▸ **Activity**: Keep the pictures out. Copy every line of the listing exactly.

▸ **Data**:
[Start of section]

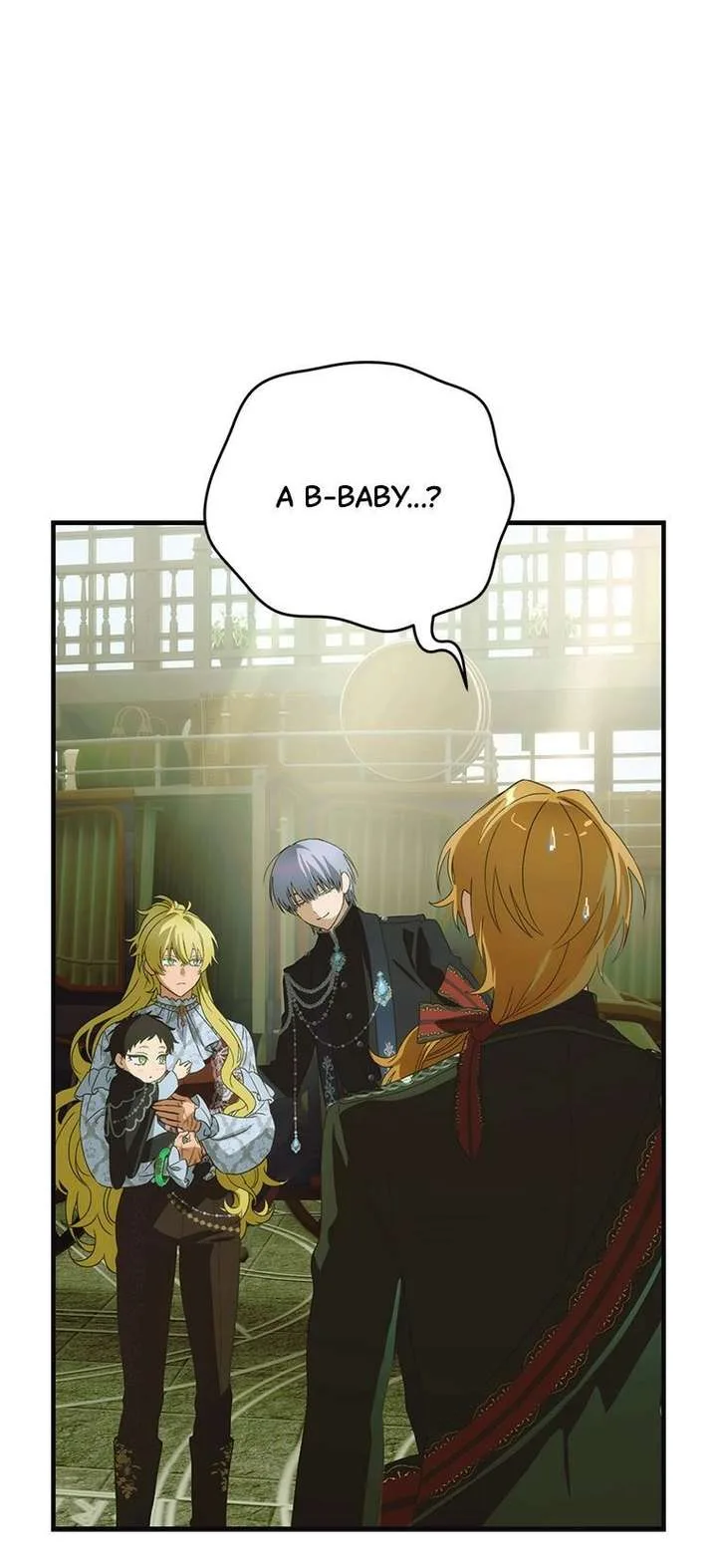 The Baby Isn’t Yours Chapter 116 page 47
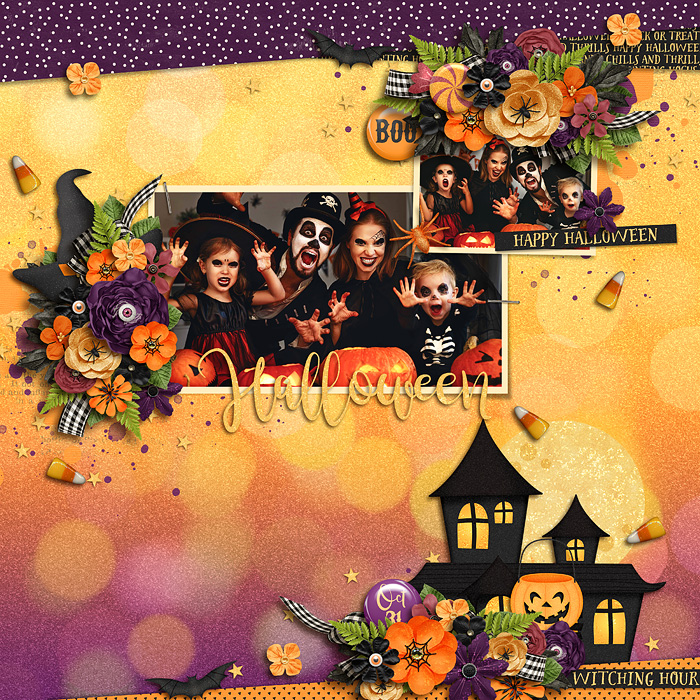 witching hour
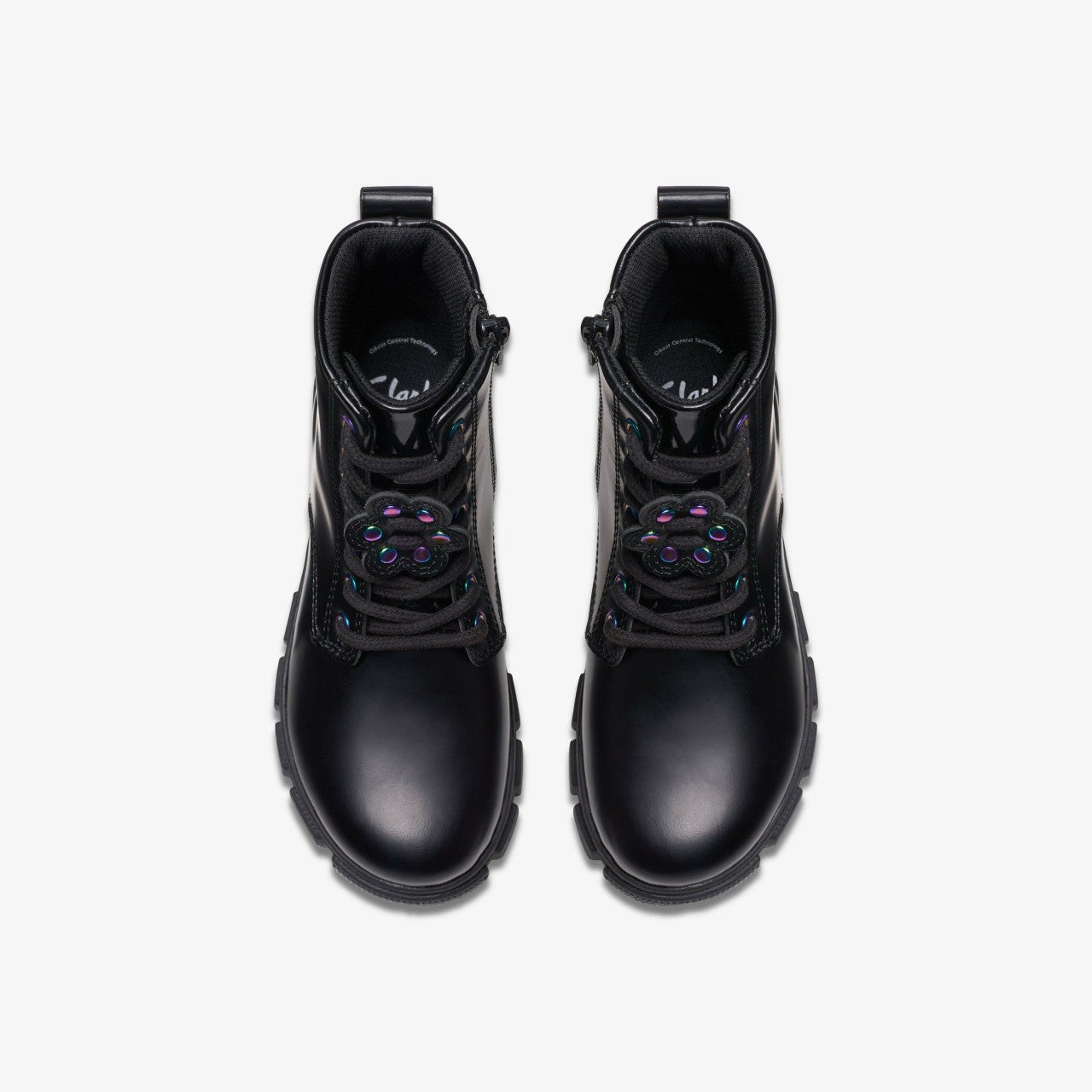 Evyn Top Kid Black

[End of section]

▸ **Exercise result**:
 The Baby Isn’t Yours Chapter 116 page 47
 witching hour
 Evyn Top Kid Black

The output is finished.